1. A drug-loaded suture, characterized in that, The invention comprises a matrix and a drug loaded on the surface of the matrix; the matrix has a core-skin structure, wherein the core layer of the matrix is ​​polylactic acid filaments; the skin layer of the matrix is ​​a nanofiber membrane, wherein the nanofiber membrane is composed of polycaprolactone and polyglycolic acid; the polyglycolic acid accounts for 10-30% or 70-90% of the mass percentage of the nanofiber membrane; and the mass ratio of the core layer to the skin layer is 6-8:2-4. The mass ratio of the drug to the nanofiber membrane is 1~3:100; The method for preparing the drug-loaded suture includes the following steps: Polycaprolactone and polyglycolic acid were dissolved in a mixed solution of dichloromethane and N,N-dimethylformamide to obtain a matrix solution; The matrix solution and the drug are mixed to obtain a spinning solution; The drug-loaded suture is obtained by spinning polylactic acid filament as the core yarn using the spinning solution. The total mass percentage of polycaprolactone and polyglycolic acid in the matrix solution is 10-20%. The mass ratio of dichloromethane to N,N-dimethylformamide in the mixed solution of dichloromethane and N,N-dimethylformamide is 1:0.25~6; The spinning is electrospinning, and the voltage of the electrospinning is 12.5~20.5kV.

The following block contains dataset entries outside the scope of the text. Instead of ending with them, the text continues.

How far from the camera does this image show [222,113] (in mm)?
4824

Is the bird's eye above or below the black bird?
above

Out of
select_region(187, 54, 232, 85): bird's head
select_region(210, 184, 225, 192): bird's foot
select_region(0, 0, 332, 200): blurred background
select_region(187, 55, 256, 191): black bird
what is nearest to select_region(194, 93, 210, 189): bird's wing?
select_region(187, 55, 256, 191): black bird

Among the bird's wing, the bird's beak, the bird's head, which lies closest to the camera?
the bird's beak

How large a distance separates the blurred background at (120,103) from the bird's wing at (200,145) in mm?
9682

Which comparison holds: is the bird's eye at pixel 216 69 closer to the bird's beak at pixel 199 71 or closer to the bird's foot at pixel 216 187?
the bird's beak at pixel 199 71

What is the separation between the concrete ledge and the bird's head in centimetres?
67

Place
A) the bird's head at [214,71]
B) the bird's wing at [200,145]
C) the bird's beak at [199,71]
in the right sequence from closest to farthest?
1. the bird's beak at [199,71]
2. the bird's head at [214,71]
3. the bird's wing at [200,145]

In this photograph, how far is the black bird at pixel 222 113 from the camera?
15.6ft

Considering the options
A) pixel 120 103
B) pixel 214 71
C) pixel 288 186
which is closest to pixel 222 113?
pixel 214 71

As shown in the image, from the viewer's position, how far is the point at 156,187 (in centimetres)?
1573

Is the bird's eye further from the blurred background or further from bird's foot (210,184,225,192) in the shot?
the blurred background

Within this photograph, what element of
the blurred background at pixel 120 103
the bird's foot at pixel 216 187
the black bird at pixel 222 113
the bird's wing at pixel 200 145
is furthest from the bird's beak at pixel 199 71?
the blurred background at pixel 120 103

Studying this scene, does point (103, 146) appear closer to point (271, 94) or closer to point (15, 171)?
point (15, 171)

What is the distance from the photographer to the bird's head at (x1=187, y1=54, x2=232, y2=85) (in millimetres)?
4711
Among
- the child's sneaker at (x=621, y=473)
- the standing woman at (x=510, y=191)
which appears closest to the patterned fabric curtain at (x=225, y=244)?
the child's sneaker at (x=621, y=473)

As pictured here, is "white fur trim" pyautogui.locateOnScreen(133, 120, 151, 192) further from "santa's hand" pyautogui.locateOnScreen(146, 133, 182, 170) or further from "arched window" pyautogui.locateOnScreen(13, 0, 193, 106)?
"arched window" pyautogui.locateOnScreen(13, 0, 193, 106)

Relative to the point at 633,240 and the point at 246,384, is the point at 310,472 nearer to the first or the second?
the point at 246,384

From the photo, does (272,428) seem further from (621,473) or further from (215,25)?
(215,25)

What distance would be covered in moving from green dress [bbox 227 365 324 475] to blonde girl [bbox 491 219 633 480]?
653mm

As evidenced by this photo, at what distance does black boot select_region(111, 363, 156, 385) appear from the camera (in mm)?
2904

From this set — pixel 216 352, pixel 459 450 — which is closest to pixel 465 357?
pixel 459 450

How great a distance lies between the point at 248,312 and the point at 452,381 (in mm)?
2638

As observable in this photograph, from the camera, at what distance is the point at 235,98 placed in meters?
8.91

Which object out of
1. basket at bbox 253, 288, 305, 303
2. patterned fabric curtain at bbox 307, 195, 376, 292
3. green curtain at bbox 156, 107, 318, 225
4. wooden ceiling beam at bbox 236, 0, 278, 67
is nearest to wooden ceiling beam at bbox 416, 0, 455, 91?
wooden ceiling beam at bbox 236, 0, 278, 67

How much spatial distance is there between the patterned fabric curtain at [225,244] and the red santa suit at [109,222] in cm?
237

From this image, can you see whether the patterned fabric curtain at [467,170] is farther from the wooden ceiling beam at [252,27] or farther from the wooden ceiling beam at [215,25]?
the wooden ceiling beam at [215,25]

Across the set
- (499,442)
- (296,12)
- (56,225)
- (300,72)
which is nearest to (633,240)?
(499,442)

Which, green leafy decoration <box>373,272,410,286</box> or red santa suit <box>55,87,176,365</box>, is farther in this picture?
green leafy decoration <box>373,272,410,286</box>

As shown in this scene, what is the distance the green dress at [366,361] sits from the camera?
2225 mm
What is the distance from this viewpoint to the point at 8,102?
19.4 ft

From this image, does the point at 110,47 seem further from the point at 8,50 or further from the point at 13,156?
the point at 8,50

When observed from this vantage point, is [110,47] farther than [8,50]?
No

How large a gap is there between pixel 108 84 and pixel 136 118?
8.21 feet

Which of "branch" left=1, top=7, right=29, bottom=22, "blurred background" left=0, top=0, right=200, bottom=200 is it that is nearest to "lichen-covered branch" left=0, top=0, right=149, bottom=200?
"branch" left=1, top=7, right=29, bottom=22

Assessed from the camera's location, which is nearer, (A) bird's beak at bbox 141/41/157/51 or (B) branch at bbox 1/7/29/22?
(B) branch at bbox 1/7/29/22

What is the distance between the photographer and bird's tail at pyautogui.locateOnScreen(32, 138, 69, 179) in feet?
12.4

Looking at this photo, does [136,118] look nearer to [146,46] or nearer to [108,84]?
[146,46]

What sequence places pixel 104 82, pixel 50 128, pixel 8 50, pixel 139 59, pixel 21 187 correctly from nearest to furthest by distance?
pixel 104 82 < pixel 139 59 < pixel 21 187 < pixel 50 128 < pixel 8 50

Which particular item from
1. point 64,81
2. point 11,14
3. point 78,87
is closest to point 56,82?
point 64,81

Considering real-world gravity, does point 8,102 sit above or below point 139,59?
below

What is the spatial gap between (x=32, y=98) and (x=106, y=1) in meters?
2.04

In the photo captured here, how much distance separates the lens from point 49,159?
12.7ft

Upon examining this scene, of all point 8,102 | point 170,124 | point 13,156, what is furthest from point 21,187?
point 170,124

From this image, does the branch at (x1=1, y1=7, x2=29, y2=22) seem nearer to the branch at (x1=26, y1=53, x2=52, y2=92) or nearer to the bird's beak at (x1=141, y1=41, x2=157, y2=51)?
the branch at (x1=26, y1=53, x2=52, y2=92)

2. The drug-loaded suture according to claim 1, characterized in that, The drug in question is an antibacterial and anti-inflammatory drug.

3. A method for preparing the drug-loaded suture according to claim 1 or 2, comprising the following steps: Polycaprolactone and polyglycolic acid were dissolved in a mixed solution of dichloromethane and N,N-dimethylformamide to obtain a matrix solution; The matrix solution and the drug are mixed to obtain a spinning solution; The drug-loaded suture is obtained by spinning polylactic acid filament as the core yarn using the spinning solution. The total mass percentage of polycaprolactone and polyglycolic acid in the matrix solution is 10-20%. The mass ratio of dichloromethane to N,N-dimethylformamide in the mixed solution of dichloromethane and N,N-dimethylformamide is 1:0.25~6; The spinning is electrospinning, and the voltage of the electrospinning is 12.5~20.5kV.

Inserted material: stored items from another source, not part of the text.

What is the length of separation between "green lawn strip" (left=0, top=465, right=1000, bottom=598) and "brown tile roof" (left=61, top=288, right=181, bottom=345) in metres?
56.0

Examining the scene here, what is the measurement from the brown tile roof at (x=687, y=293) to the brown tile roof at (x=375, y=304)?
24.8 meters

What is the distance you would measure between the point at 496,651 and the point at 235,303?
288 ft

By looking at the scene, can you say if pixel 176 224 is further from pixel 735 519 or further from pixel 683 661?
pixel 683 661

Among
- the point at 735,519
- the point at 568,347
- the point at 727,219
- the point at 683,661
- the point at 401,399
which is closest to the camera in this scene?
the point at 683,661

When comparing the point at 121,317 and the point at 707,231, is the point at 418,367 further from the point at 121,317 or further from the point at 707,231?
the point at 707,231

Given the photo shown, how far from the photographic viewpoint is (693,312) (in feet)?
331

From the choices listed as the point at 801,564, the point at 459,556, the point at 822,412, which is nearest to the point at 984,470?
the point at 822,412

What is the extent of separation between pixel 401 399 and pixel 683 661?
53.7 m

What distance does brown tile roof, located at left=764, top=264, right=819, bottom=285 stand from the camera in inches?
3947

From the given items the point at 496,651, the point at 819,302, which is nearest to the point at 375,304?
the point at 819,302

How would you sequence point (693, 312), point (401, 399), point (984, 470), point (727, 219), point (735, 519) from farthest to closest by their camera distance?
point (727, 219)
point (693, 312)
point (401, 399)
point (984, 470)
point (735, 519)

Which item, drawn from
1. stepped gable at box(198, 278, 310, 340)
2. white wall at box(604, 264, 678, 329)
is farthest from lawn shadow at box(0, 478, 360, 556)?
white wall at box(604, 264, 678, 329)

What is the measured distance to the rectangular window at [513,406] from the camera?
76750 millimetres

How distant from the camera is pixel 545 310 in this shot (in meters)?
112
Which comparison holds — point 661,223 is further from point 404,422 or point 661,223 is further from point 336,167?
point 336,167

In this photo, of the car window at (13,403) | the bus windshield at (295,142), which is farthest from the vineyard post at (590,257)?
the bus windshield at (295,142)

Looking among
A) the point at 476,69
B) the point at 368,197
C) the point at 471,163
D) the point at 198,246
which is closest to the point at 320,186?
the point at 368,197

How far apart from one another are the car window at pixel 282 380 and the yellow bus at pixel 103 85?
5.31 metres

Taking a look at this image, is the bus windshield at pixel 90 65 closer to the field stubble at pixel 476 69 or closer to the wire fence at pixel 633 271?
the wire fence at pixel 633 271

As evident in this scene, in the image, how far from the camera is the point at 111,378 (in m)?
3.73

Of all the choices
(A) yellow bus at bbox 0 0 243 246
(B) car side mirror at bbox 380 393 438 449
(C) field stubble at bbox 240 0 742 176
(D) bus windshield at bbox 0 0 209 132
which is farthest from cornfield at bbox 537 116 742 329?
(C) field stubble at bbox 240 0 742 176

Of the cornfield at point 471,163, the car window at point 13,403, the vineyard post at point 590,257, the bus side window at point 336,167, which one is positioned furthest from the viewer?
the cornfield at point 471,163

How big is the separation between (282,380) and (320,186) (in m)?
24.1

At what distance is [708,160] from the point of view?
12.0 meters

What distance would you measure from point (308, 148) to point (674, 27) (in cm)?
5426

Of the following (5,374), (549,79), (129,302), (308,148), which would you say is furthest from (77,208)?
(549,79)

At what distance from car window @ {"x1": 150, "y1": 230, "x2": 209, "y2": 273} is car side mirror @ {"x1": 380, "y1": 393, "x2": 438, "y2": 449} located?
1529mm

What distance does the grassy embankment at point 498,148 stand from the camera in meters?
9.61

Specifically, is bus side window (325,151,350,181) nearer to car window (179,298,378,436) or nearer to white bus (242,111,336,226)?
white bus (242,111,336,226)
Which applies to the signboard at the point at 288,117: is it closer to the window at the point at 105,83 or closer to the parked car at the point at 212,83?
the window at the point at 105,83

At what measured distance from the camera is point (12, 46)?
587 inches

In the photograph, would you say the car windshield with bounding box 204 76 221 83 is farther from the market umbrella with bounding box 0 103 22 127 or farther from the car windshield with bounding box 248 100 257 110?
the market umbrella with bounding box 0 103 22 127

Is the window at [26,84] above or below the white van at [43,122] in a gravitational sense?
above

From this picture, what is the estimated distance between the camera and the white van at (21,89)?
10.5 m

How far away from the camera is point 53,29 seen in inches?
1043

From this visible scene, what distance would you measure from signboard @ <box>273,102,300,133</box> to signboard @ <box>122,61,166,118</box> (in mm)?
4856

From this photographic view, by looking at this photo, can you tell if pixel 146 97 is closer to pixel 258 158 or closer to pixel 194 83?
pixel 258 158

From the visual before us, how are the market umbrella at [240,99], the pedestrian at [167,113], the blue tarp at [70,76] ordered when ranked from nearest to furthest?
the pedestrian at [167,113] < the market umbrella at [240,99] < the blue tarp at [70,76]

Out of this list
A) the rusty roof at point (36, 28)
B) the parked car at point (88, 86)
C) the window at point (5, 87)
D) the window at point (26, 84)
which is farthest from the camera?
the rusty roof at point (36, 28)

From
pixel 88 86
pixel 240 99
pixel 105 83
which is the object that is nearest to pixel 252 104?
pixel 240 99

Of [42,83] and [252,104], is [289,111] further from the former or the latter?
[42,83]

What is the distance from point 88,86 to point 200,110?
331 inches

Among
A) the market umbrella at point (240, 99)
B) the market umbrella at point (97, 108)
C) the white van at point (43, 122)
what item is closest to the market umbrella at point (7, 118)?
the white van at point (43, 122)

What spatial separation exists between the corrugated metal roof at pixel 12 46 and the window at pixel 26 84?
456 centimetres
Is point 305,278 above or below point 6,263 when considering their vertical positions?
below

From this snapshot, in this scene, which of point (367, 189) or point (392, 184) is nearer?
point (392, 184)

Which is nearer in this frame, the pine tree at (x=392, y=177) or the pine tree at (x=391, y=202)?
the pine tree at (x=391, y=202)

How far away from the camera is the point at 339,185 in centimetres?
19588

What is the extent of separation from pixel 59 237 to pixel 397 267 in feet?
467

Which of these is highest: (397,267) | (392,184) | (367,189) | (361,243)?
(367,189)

4. The preparation method according to claim 3, characterized in that, The dissolution is carried out under stirring conditions, the stirring speed is 500~800 r / min, and the stirring time is 12~24 h.

5. The preparation method according to claim 3, characterized in that, The mixing is carried out under stirring conditions, the stirring speed is 500~800 r / min, and the stirring time is 8~20 h.